Moving market data to the cloud
Having made its platform cloud native, Alveo is seeing not only growing interest in moving market and reference data to cloud, but also new opportunities as cloud data warehouse systems such as Snowflake and Amazon Redshift encourage the move to cloud with promises of optimum query performance, easy scalability, and widespread data collaboration.
“Over the next few years, financial institutions will move market data to cloud,” says Hepsworth. “Rather than taking a lift and shift approach, we built a cloud native microservices architecture with lots of open source technology that reduces cost of ownership, improves productivity and offers faster deployment.” To date, about 45% of Alveo’s clients are using the company’s native cloud solution.
Turning to wider opportunities, Alveo is part of the Snowflake Marketplace. It offers potential users of the data warehouse data cleansing, validation and integration, including last mile integration into workflows. Hepsworth comments: “Clients face the same fundamental problems in the cloud as they did before in terms of cleansing and validating data, and getting data into the hands of consumers, but they are also handling larger volumes of data and looking for scalability and reduced costs. We are seeing uptake of these types of data warehouse solutions that offer a jump forward in technology.”
Business user self-service
To avoid the need for business users to call on IT for data management solutions, Alveo continues to develop its UI for business user self-service and is adding functionality to help clients wanting to simplify operations by using one vendor to do more for them. The company has added a data warehouse to its data mastering, cleansing and validation, and extended UI functionality to focus on ‘views’ that are based on a business domain layer and allow users to set up how they want to see and use data. They can also discover, configure, manipulate and distribute data, the whole supported by data lineage.
Hepsworth also notes increased interest in the company’s Software-as-a-Service (SaaS) and more recently introduced Data-as-a-Service products, particularly among buy-side firms wanting to simplify operating models by outsourcing non-critical data management and accelerate the move to cloud. On the sell-side, Hepsworth notes growing interest in open source technology, growing volumes of data being processed on the Alveo platform, and again, the desire to simplify operating models.
ESG
ESG is a significant opportunity for Alveo. “It’s right in our wheelhouse, ESG data is just like reference and market data,” says Hepsworth, noting the company’s capabilities from managing multiple sources of data to aggregating, storing and distributing the data.

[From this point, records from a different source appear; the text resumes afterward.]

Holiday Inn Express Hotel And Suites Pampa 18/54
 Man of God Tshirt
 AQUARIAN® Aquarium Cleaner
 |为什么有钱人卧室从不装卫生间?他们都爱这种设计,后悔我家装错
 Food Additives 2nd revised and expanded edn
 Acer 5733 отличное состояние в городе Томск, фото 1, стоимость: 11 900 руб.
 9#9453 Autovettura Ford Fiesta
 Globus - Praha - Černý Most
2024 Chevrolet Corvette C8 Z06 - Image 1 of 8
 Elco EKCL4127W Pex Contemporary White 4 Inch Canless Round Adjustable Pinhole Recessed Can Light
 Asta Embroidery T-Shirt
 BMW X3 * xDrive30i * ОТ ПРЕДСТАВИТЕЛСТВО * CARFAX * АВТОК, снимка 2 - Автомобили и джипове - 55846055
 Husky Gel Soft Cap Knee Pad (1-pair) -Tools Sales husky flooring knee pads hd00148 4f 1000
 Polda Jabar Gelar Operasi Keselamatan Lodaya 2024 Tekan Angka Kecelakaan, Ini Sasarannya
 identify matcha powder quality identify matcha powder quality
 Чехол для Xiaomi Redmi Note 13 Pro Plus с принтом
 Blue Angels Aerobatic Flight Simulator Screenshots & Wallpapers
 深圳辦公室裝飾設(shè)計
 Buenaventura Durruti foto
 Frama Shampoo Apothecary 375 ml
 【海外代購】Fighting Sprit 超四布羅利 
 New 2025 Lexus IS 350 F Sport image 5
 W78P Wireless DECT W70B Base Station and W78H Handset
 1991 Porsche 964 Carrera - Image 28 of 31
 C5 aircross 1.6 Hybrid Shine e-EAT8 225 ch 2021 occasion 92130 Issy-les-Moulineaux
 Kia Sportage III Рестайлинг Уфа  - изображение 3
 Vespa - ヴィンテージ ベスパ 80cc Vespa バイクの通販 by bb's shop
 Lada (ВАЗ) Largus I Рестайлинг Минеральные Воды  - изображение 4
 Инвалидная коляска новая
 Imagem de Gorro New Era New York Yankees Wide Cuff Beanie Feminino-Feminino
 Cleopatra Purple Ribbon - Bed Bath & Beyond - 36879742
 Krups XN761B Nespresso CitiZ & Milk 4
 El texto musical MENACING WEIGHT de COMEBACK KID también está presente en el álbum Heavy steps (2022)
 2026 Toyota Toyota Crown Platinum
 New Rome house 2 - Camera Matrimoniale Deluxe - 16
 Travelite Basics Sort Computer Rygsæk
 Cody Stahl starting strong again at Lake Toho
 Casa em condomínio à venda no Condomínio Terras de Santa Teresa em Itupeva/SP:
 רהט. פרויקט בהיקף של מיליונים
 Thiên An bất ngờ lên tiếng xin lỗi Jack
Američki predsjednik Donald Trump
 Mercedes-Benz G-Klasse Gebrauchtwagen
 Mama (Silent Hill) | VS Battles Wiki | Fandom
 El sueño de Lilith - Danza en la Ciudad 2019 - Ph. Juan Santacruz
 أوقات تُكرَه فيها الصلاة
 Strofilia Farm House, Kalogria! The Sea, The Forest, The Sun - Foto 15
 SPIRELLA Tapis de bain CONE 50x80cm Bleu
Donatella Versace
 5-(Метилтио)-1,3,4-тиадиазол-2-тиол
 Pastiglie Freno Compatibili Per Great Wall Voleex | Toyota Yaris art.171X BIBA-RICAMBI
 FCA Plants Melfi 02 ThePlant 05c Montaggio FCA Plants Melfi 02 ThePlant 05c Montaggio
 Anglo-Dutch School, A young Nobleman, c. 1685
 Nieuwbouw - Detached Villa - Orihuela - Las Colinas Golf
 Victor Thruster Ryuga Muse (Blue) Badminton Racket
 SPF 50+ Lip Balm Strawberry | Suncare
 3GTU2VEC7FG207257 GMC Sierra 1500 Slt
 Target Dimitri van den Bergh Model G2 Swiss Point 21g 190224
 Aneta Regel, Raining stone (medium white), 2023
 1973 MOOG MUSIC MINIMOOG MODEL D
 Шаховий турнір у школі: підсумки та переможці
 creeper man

The data can also be ‘viewed’ using the company’s UI, perhaps to see both the market data and ESG data attributed to a single entity.
While Alveo has built significant ESG data management capabilities, Hepsworth acknowledges the company’s partnership with Cognizant that helps Alveo understand what clients want. “Financial institutions were looking at whether ESG is a product opportunity of just a regulatory burden, but they are now getting to the data management requirement. We provide quality around ESG data and help clients see what data is available.” Here partnership is key, with Alveo interoperating with vendors including MSCI, FactSet, Bloomberg, ICE Data Services and Refinitiv, a business of the London Stock Exchange Group.
Concluding with a wider note on partnerships, Hepsworth says: “We are focussed on building partnerships. Data management is important, but only one component of the business need.”